Pagoto and colleagues conducted a pilot feasibility study in which 56 participants were randomly assigned into a superuser group, in which three randomly selected participants were given an incentive to post regularly, or a regular user group with no incentivized superusers. Superusers were paid $25 to post a status update twice a week, reply to the counselor’s post every day and comment when someone else in the group posts. Guidance was provided to the superusers on how to write posts. Researchers measured total engagement by tallying posts, comments and likes from nonsuperusers.
The superuser group had 194 total engagements from nonsuperusers while the regular group had 117 engagements (P = .0361). Most of the additional engagement came from likes; there were 140 in the superuser group vs. 68 in the regular group (P = .048). Researchers found total engagement, likes and comments were predictors for weight loss.
Meaningful engagement
At the end of the study, researchers identified natural superusers who posted just as much as the incentivized superusers. There were six natural superusers in the study who lost a mean of 5.3% of body weight, more than the mean 1.2% weight loss from the three incentivized superusers (P = .0358).
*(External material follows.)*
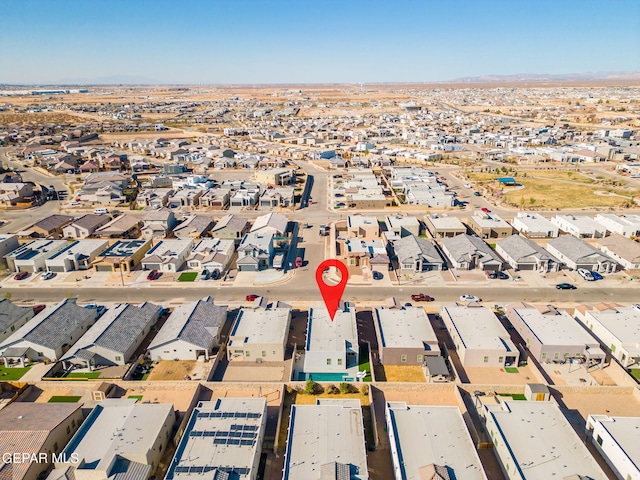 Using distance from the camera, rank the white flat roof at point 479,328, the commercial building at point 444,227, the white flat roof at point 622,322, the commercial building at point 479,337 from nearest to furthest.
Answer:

Researchers found most posts from natural superusers were motivational messages or reports about success, whereas incentivized superusers were more likely to provide information or ask for help. After breaking down posts into nine types, researchers found that posts about healthy choices, acknowledgement, weigh-ins, goals or plans, and requests for help were predictors of weight loss, whereas posts about information, support, problems and anything off-topic were not predictors.
“When we are trying to increase engagement in our groups, we want to focus on the types of engagement that we know is reflecting their execution of behavioral strategies,” Pagoto said. “When we design our content, we want to try to elicit this type of engagement.”
Moving forward, researchers plan to look at how to create an online intervention program that elicits the most meaningful engagement and results from participants. This includes further analysis into how to enhance engagement in online programs, whether asynchronous online programs are preferable to synchronous or hybrid interventions, and who responds best to in-person programs vs. online.